> Data records:

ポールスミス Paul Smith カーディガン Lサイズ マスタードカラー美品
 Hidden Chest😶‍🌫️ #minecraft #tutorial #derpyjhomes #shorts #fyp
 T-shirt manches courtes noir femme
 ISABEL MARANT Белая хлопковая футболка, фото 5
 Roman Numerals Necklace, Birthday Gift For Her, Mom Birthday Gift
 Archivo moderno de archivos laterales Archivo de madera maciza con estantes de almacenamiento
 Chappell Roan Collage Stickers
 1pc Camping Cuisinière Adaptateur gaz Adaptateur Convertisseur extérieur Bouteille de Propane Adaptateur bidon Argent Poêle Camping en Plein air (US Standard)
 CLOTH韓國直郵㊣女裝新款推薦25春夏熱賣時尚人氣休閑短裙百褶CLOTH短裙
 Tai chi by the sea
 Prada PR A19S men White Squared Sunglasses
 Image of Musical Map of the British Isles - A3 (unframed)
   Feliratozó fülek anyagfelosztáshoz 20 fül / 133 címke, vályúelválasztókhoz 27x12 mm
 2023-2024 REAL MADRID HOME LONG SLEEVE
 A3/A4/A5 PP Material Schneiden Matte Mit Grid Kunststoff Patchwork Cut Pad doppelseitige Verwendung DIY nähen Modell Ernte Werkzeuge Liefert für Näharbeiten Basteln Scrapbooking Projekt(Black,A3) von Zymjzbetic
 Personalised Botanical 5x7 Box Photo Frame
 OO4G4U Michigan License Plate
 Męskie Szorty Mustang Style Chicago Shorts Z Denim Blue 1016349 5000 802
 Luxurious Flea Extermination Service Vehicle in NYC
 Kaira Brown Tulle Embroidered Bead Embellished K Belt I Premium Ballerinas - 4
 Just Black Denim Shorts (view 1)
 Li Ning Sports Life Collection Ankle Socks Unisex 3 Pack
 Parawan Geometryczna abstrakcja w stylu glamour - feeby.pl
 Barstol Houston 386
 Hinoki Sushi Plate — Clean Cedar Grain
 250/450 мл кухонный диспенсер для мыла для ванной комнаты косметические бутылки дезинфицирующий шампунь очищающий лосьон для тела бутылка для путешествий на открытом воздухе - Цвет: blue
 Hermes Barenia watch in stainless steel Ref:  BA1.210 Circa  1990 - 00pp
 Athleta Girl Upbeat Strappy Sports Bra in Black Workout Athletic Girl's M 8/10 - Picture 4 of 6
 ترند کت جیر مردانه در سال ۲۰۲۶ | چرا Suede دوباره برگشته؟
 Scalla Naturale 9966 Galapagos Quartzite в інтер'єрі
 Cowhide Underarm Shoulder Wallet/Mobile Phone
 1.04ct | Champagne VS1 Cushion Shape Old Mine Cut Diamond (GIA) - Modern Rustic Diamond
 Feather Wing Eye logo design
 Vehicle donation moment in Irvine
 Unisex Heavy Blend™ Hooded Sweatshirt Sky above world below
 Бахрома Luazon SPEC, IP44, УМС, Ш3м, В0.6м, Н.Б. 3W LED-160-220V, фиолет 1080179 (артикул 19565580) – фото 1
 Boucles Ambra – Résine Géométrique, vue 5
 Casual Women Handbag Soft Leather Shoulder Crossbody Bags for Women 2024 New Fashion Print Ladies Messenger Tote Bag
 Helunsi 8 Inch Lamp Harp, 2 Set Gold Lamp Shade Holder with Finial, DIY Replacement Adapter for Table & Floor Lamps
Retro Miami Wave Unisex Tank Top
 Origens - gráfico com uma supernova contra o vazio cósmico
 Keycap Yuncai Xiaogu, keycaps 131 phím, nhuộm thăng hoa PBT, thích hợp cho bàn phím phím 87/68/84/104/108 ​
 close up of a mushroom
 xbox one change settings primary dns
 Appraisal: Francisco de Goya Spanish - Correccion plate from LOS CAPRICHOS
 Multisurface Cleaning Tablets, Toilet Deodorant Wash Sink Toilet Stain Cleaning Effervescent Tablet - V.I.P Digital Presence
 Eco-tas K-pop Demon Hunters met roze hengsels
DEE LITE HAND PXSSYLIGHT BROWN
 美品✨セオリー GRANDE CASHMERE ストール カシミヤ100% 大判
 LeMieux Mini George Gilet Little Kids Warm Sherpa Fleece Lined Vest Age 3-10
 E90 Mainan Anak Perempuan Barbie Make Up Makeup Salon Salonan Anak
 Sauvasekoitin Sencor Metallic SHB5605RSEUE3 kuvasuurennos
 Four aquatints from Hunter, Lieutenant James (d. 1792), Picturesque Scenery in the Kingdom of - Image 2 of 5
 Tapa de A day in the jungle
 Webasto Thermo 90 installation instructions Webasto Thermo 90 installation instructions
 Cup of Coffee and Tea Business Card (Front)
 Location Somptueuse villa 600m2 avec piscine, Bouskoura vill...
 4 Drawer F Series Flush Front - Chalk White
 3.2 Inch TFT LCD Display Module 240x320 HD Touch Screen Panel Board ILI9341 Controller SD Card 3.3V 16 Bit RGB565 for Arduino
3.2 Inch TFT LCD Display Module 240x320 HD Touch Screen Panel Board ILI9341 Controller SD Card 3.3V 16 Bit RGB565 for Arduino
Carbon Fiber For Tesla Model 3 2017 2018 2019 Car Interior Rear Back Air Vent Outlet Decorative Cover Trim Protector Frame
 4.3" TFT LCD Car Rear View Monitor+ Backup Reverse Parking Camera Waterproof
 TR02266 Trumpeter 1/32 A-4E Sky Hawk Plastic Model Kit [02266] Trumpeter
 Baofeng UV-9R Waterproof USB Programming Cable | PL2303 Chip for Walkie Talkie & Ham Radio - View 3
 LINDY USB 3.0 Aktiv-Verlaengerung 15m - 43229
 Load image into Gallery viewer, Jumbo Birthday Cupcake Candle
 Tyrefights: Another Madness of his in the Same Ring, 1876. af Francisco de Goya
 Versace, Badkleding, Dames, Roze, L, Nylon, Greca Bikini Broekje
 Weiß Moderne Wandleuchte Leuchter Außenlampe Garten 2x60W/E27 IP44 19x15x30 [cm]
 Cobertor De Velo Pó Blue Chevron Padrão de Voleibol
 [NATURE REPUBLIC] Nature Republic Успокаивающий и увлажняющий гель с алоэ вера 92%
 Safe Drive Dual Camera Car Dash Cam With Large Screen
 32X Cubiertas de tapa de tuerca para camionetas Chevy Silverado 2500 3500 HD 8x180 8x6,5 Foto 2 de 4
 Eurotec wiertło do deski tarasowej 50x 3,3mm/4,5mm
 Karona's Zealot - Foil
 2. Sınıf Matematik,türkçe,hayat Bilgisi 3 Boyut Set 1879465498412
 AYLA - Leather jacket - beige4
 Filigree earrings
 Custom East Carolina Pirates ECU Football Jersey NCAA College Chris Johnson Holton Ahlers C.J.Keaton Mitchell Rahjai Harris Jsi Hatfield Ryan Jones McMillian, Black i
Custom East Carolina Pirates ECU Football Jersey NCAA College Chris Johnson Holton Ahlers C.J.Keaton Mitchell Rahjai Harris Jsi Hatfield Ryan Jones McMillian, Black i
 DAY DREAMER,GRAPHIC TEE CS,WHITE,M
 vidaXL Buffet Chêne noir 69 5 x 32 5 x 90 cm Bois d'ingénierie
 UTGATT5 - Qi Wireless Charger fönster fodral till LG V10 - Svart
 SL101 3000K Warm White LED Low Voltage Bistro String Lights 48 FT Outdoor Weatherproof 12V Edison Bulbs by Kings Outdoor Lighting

> Exercise goal: Please count the lines in the material above that hold "Vehicle", and state only the number.

> Reply to the exercise: 2